How to complete this task: Quote the entries below from the line with "Подушка для кормления" through the line with "Graphic Novels: Deadpool, Falcon", both ends included, and only those lines.

Records shown:
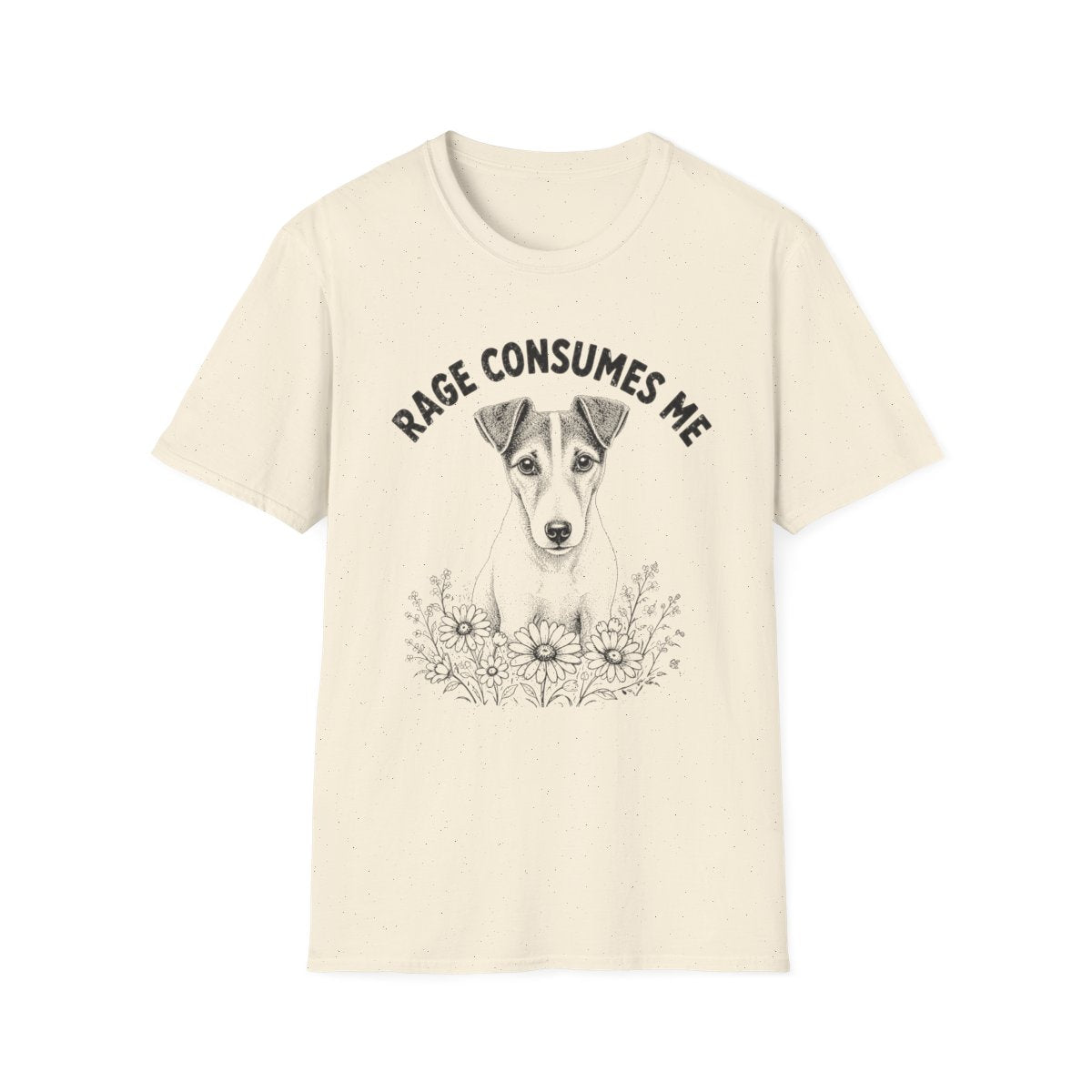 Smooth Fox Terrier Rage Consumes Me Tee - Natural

--

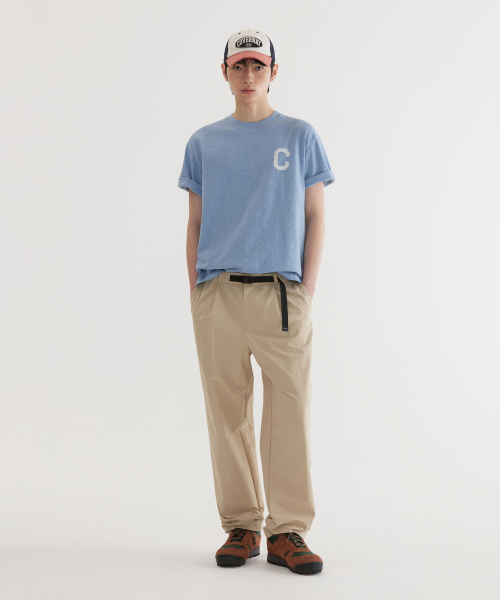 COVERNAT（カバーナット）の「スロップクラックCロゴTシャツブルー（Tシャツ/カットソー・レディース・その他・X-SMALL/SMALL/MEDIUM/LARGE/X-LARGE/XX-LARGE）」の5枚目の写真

* * *

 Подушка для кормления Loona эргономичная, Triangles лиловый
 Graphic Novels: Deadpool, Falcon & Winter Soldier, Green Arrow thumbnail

Final answer:
 Подушка для кормления Loona эргономичная, Triangles лиловый
 Graphic Novels: Deadpool, Falcon & Winter Soldier, Green Arrow thumbnail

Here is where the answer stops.